What Good Is New Bike Safety Tech If CDOT Still Won’t Build Safe Streets?

Does Sheridan Boulevard need sidewalks and protected bike lanes? Nah. How about some lasers. Photo: David Sachs
Does Sheridan Boulevard need sidewalks and protected bike lanes? Nah. How about some lasers. Photo: David Sachs

The Colorado Department of Transportation, which has never built a protected bike lane in Denver, awarded half a million dollars Tuesday in its ideas competition for “innovative solutions” to make streets safer for people on bikes and, to a lesser extent, pedestrians.
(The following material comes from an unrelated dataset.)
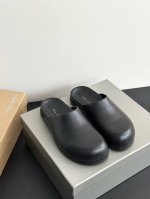 情侣款弧形勃肯半拖系列 暗黑先锋五芒星疯狂系带款家族标识设计.牛皮四合扣後帶還可以拆卸，魔术貼皮帶還可以隨意調節鬆緊.解鎖不同穿搭方式 面料材质：光面2款面料黑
Some interesting ideas came out of the contest: A bike bell that lets riders record and map dangerous locations for city transportation departments, a bike lane that lights up to highlight riders at night, lasers that show drivers whether they’re giving cyclists the required three feet buffer as they pass.

These might do some good, and you can’t blame creative thinkers for answering the call. But for CDOT, which has failed to redesign its streets for safe biking and walking, the whole competition feels like an attempt to change the subject.

Agency spokesperson Amy Ford said CDOT is just trying to prioritize people who aren’t in cars. “There are a lot of people talking about self-driving cars but there are not a lot of people talking about how technology can be harnessed to benefit those most vulnerable on our roads,” she said.

Meanwhile, pedestrian and bicyclist deaths in Colorado are at a 15-year high. We know how to prevent these fatalities: Narrower traffic lanes, shorter crossing distances for pedestrians, and bike lanes physically separated from traffic to slow down drivers and keep the most vulnerable people safe.

Where is the CDOT initiative to roll out these proven life-saving safety measures?

Image: CDOT
Between 2013 and 2016, drivers killed 52 cyclists in Colorado, including 11 on Denver streets, according to Denver PD data. Image: CDOT
Image: CDOT
Pedestrian fatalities in Colorado. Image: CDOT

Ford admitted to a crowd at the awards reception that “there’s more that can be done” with protected bike lanes and that CDOT engineers “are looking at that.”

We’ve heard this before though. Changing high-speed, 1950s-era street designs that kill people on urban state highways like Federal Boulevard, Colfax Avenue, and Sheridan Boulevard should be the agency’s top safety priority. But when it comes to saving lives, CDOT prefers marketing campaigns and unproven tech — the path of least resistance and smallest results.